Chapitre 4
Ce n'était peut-être pas la meilleure idée du monde de dormir sur le canapé dans une telle position, alors que la journée du lendemain s'annonçait charger. Je me retrouvais perclus de courbature à des endroits dont j'ignorais l'existence jusqu'à ce jour. J'avais réussi à laisser Lisa avec sa sœur. Ces dernières se trouvaient en compagnie de Peter pendant que je me débrouillais. Cailean était retourné travailler, je lui avais dit que je le ferais appeler si j'avais besoin de lui. J'étais donc assise sur une chaise dans le jardin, avec une dizaine de loups au garde à vous devant moi. À mes côtés, j'avais Audrick, alors que Rowena était dans la cuisine à faire à manger pour les petites. Lisa n'avait pas beaucoup mangé, et elle voulait lui cuisiner un plat qu'elle mangerait avec beaucoup plus de facilité que des pâtes. Je regardais chaque loup, et j'avais posé ma main sur ma marque pour me donner du courage. Dire que j'allais devoir donner des ordres à ces molosses pour qu'on puisse résoudre cette affaire pronto avant que mon Alpha ne revienne de sa mission. Je lançais d'abord un regard vers Audrick, qui hocha simplement la tête pour me dire de commencer.

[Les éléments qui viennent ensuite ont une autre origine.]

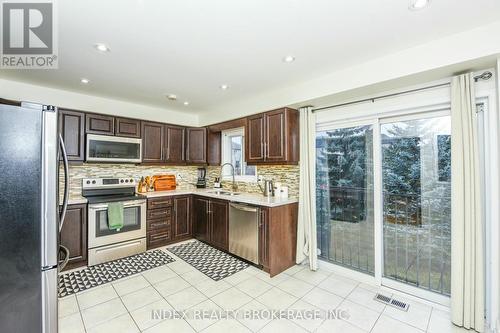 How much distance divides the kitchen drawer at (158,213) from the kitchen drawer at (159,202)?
0.19ft

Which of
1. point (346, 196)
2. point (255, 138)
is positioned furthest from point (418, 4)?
point (255, 138)

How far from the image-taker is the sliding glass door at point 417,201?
2359 mm

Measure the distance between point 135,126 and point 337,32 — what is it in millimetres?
3292

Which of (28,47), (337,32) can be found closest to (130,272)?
(28,47)

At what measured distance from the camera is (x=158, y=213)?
150 inches

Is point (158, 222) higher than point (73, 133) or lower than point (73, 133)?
lower

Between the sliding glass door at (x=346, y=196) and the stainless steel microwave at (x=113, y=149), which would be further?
the stainless steel microwave at (x=113, y=149)

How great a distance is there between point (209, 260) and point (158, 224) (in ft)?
3.59

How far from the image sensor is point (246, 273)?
2994mm

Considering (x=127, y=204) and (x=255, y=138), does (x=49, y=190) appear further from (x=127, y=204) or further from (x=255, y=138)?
(x=255, y=138)

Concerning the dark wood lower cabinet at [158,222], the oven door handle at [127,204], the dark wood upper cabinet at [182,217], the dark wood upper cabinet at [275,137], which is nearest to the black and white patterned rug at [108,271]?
the dark wood lower cabinet at [158,222]

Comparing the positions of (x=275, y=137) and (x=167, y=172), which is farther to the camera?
(x=167, y=172)

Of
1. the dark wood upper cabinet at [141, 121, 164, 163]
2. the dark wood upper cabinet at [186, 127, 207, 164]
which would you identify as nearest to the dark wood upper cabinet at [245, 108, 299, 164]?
the dark wood upper cabinet at [186, 127, 207, 164]

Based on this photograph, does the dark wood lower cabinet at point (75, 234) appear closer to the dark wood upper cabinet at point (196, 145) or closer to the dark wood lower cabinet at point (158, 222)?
the dark wood lower cabinet at point (158, 222) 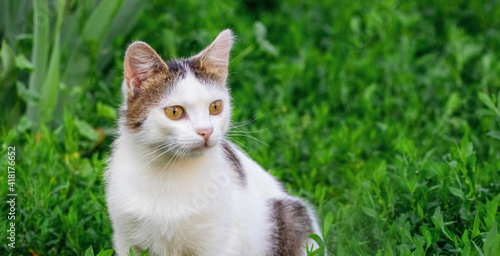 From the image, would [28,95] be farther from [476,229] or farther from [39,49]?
[476,229]

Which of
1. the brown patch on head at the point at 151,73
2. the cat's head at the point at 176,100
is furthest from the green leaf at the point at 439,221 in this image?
the brown patch on head at the point at 151,73

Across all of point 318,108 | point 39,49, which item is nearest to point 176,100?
point 39,49

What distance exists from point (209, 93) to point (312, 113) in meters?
2.60

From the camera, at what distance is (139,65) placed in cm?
279

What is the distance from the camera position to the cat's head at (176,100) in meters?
2.68

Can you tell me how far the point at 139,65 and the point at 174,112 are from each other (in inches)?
10.9

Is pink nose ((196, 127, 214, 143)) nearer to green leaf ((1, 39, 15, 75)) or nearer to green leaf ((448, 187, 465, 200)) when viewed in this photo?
green leaf ((448, 187, 465, 200))

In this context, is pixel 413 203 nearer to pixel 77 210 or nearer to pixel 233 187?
pixel 233 187

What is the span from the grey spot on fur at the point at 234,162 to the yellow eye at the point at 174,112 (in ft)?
1.26

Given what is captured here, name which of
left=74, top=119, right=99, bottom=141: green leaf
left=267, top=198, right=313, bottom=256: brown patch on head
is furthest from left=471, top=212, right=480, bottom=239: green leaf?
left=74, top=119, right=99, bottom=141: green leaf

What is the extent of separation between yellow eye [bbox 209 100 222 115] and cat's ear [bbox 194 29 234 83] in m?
0.16

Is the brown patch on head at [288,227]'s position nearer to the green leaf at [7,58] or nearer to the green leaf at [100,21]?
the green leaf at [100,21]

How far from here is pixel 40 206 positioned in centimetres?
359

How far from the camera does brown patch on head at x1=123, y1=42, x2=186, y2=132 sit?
9.05ft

« Bon. Vous savez qu'hier je suis sortie faire une balade dans la forêt pour me dégourdir les jambes, et je suis tombée sur la fin d'un combat entre deux loups. La louve morte est la mère des deux petites que j'ai amené ici, afin de les protéger. Comme Cameron, l'Alpha, n'est pas là pour décider de leur sort, j'ai décidé de les garder avec nous le temps qu'il rentre. Le danger rode toujours pour elles dans la forêt. Donc j'espère que vous les accueillerez et que vous ne leur ferez pas peur ou de mal. Ce ne sont que des petites filles et de braves gaillards comme vous, surentraînés de surcroît, n'ont rien à craindre. Commençai-je, en présentant la situation actuelle.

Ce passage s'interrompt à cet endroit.